Contexte de l’entretien : automne 2008, quelques semaines après des élections législatives. A cette époque, j’étudiais à Varsovie et j’ai eu la chance de pouvoir rencontrer un des leaders de l’opposition démocratique biélorusse, Alexander Milinkevitch, ancien candidat à la présidence.


Les résultats des dernières élections législatives de septembre 2008 furent sans appel : 100% des sièges du Parlement allèrent à des députés fidèles au président Alexander Loukachenko, au pouvoir depuis 1994. Pour l’opposition : rien.

Détruire la peur

Consciente de la nécessité d’une évolution progressive, l’UE ne se focalise que sur trois aspects : libération des prisonniers politiques, des médias plus libres et des élections démocratiques.

Pour Alexandre Milinkevitch, leader de l’opposition, le bilan de ces pressions est assez mitigé. « Concernant la libération des prisonniers, l’année 2008 est très bonne, puisque huit opposants ont été libérés.

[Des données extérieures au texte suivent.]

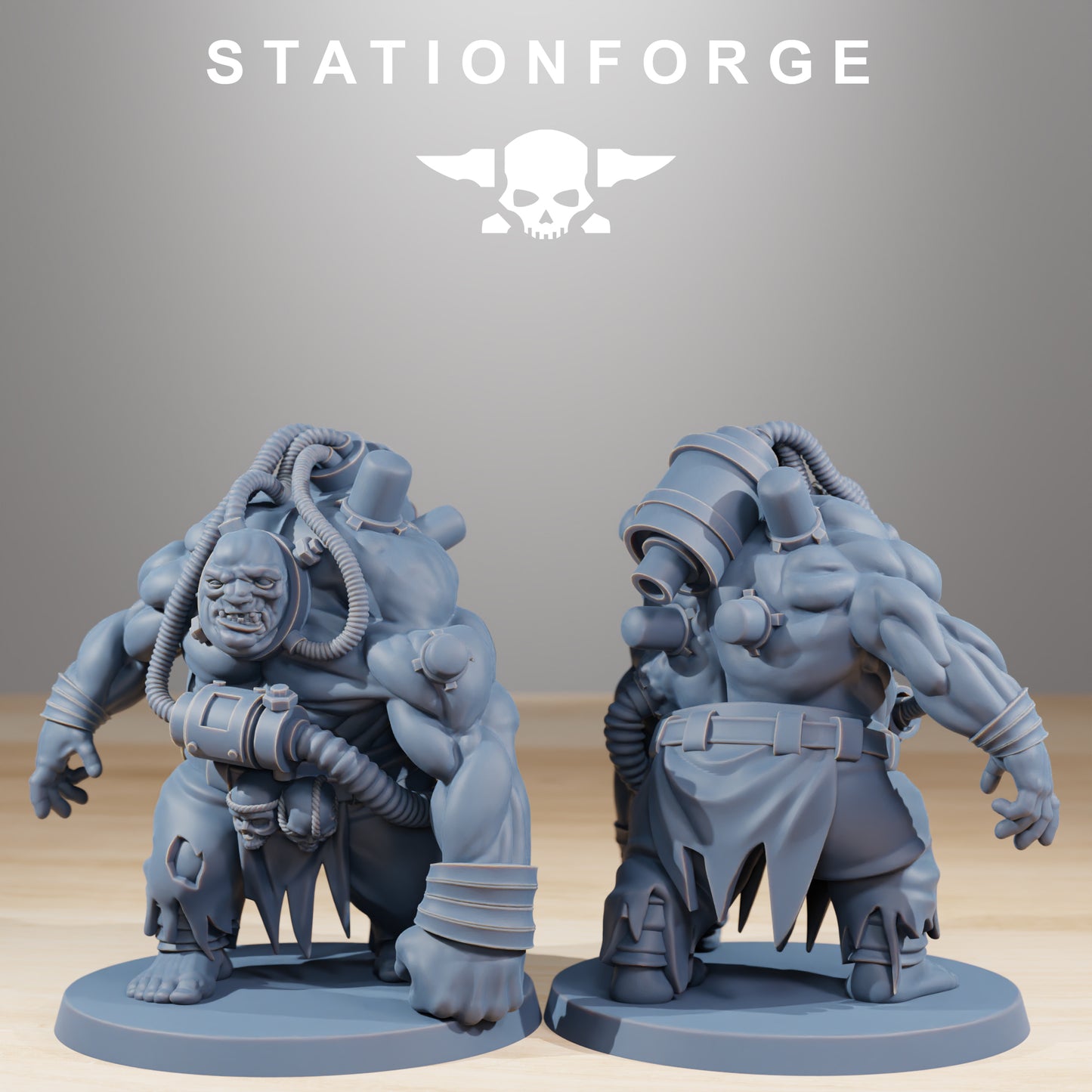 Foto del producto Tabletop 28mm The Printing Goes Ever On (TPGEO) 0: Nómadas Guardianes Corruptos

Mais sur les médias, aucun progrès n’a été enregistré et ces élections n’auront été que cosmétiques. Si le pouvoir respectait les 12 conditions de l’Union européenne, ce serait alors la fin du pouvoir… ».

Toutefois, le leader de l’opposition reste optimiste. « Ces élections ont tout de même permis de rencontrer les gens en sillonnant le pays, de discuter avec eux, d’évoquer leur situation. Nous nous sommes servis de cette opportunité pour détruire le sentiment de crainte. Avant les élections, 30% des gens pensaient qu’elles n’étaient pas démocratiques. Aujourd’hui près de 60% ».Car selon lui, une révolution orange comme en Ukraine ne sera possible quand lorsque la peur aura disparu de l’esprit des habitants. « Ils faut que les gens deviennent des citoyens. Il sera alors temps de détruire le pouvoir en place ».

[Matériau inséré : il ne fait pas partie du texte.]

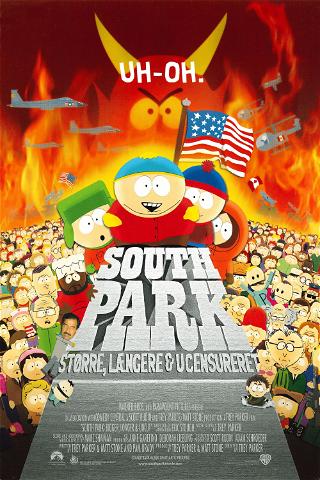 South Park: Større, Længere & Ucensureret poster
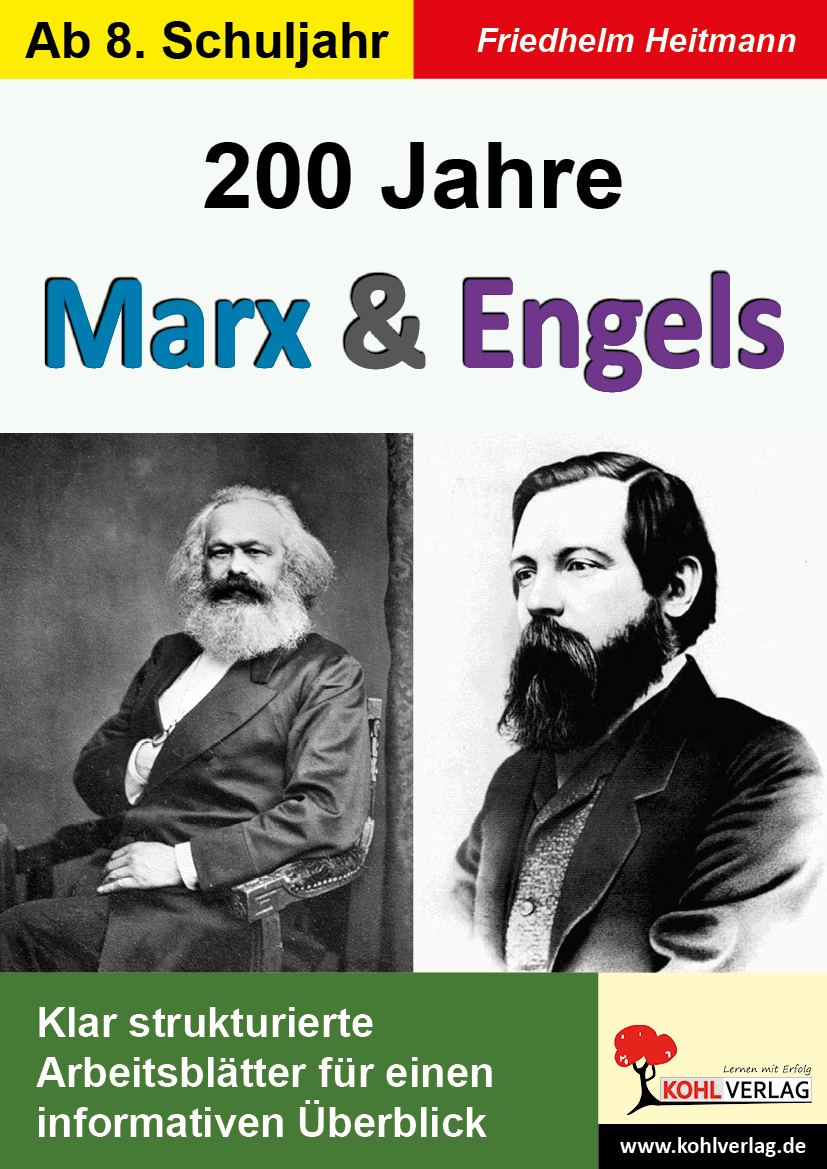 200 Jahre Marx und Engels 200 Jahre Marx und Engels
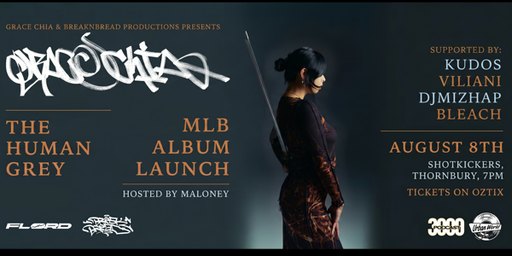 GRACE CHIA – The Human Grey Album Launch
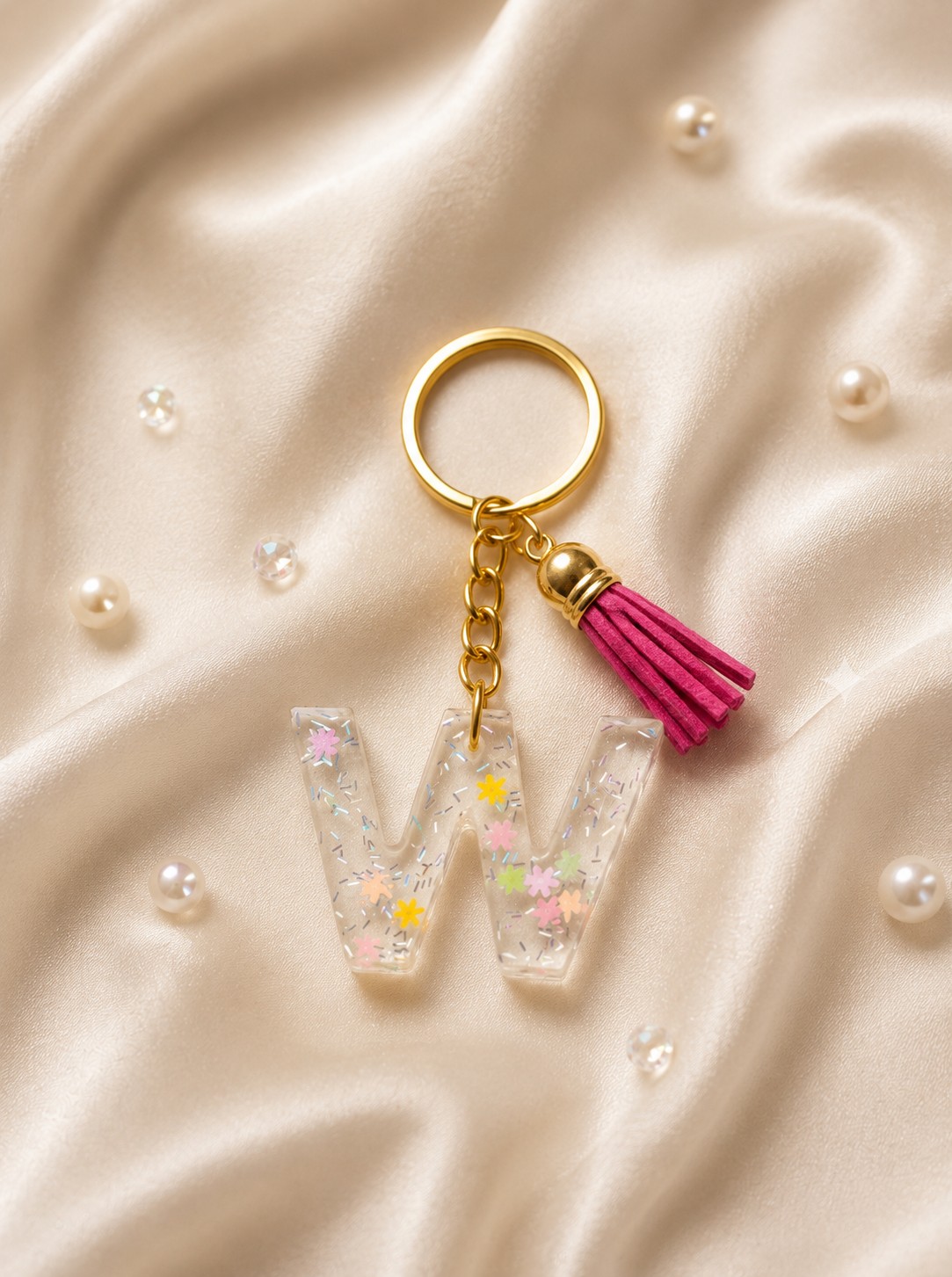 Resin Luxury Keychain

Une OPA hostile sur le pays ?

En même temps, ce qui préoccupe Milinkevitch, c’est la menace russe qui pèse sur son pays. « Mon pays est en danger. Dans deux ans (ndla: cet entretien ayant eu lieu en 2008, cela renvoi à 2010), le Belarus peut avoir disparu pour des raisons économiques ».

Cette crainte qui n’a que peu d’échos en Europe est pourtant sérieuse. « Pendant longtemps, le président du Belarus faisait croire à Moscou qu’il voulait une union avec la Russie. Ce jeu lui permettait d’avoir un prix très avantageux sur le gaz et ainsi offrir des privilèges à sa population. Sauf qu’aujourd’hui, l’équipe au Kremlin a changé et a bien compris que jamais Loukachenko n’acceptera une union ».

En réponse, la Russie a fortement augmenté les prix du gaz, forçant Minsk à s’endetter à hauteur de 5 milliards de dollar. « Et cette dette va encore augmenter car l’économie n’a pas été modernisée, et nous devons malgré tout continuer à importer du gaz. Le risque est que notre pays tombe ainsi sous protectorat russe dans les années à venir ».

Cette situation explique aujourd’hui le rapprochement que tente d’effectuer le pouvoir en place vers l’Union européenne, cherchant un contre poids à l’influence russe sur le pays. « Si nous arrivons à moderniser l’économie, à en finir avec la crise économique, ces changements pourront entraîner des changements politiques. Je ne pense donc pas que les sanctions économiques contre le Belarus soient utiles. Elles peuvent au contraire, permettre au pouvoir en place de trouver un bouc-émissaire à la dégradation de la situation économique et faire de l’Union européenne un ennemi du peuple de notre pays ».

C’est pourquoi Alexandre Milinkevitch prône plutôt des sanctions ciblées contre les tenants du pouvoir, qui « peuvent être ajustées très facilement selon les avancées ou retours en arrière dans le processus de démocratisation ».